§ **Aim of the exercise**
Set down every line from the one with "Apartamento, 2 quartos, 135 m² - Foto 2" to the end of the entries, both ends included, exactly as it reads and without pictures.

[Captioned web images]
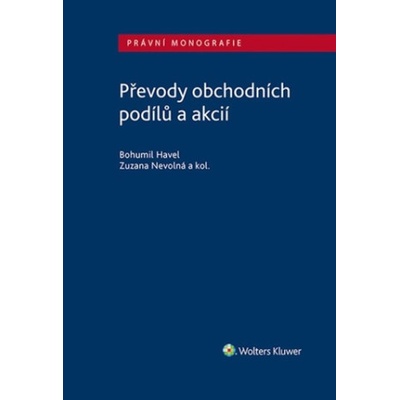 Převody obchodních podílů a akcií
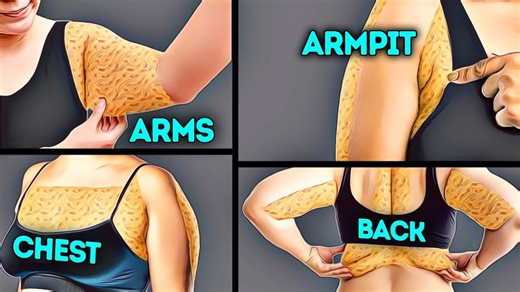 【搬运】15分钟内完成的全身上肢训练，更快见效果【 Workout 4D】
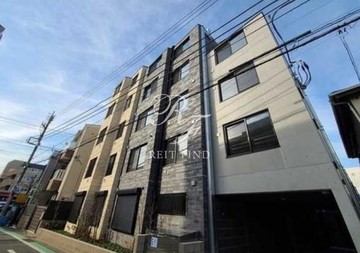 ウェルスクエア高井戸東 外観 物件画像1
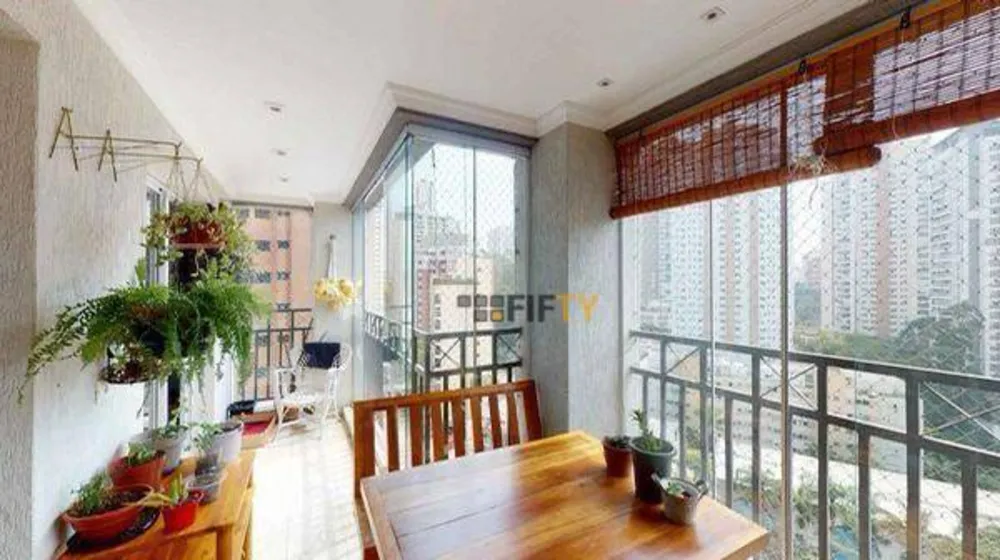 Apartamento, 2 quartos, 135 m² - Foto 2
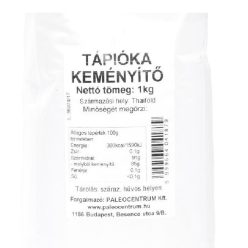 Paleolit Tápióka keményítő 1kg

§ **Reply to the task**
 Apartamento, 2 quartos, 135 m² - Foto 2
 Paleolit Tápióka keményítő 1kg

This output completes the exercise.